**Data excerpt:**
<<<<
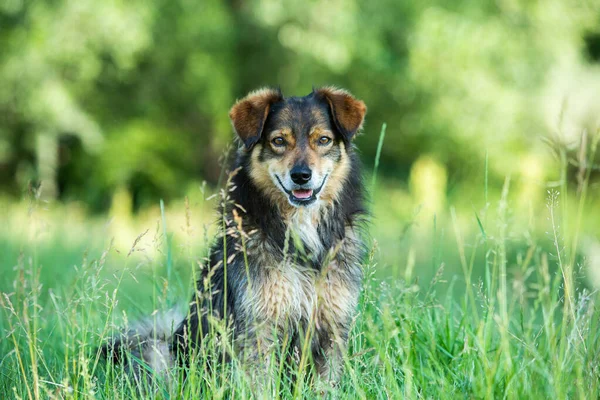 Mutlu bir köpek çimenlerde poz verir.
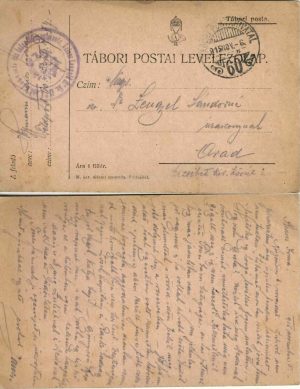 Tábori postai levelezőlap, carte poștală militară, 1915, ștampila Infanterieregiment Kaiser Leopold II Nr 33, Tábori posta 60, locotenent în rezervă Dolga Imre, expediată de pe frontul din Galiția la Arad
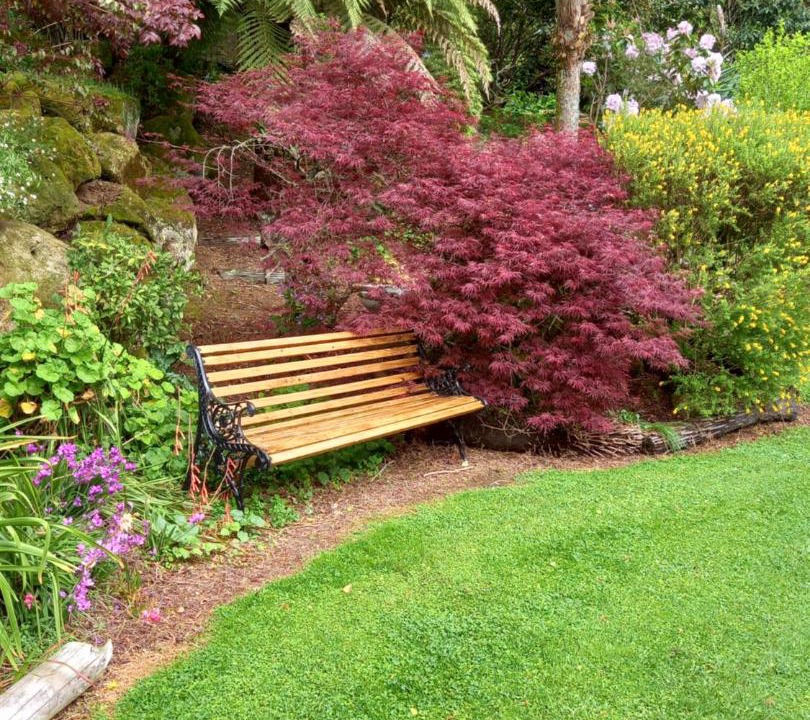 Photo of Others in Aria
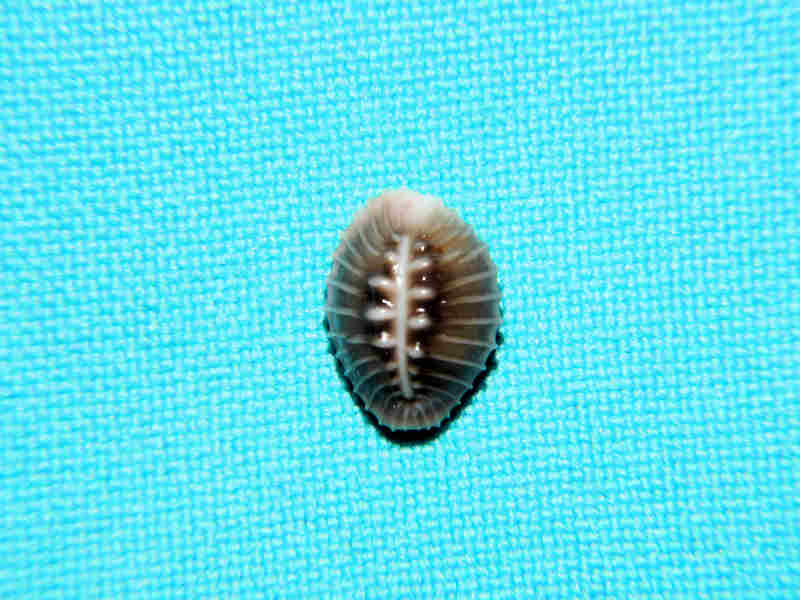 Pusula solandri 12.15mm. "Panama" #700617 Pusula solandri 12.15mm. "Panama" #700617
>>>>
**Problem description:** Leaving each picture behind, please give again exactly the lines above from the one with "Tábori postai levelezőlap, carte" through the one with "Photo of Others in Aria", both included, and no others.

**Exercise result:**
 Tábori postai levelezőlap, carte poștală militară, 1915, ștampila Infanterieregiment Kaiser Leopold II Nr 33, Tábori posta 60, locotenent în rezervă Dolga Imre, expediată de pe frontul din Galiția la Arad
 Photo of Others in Aria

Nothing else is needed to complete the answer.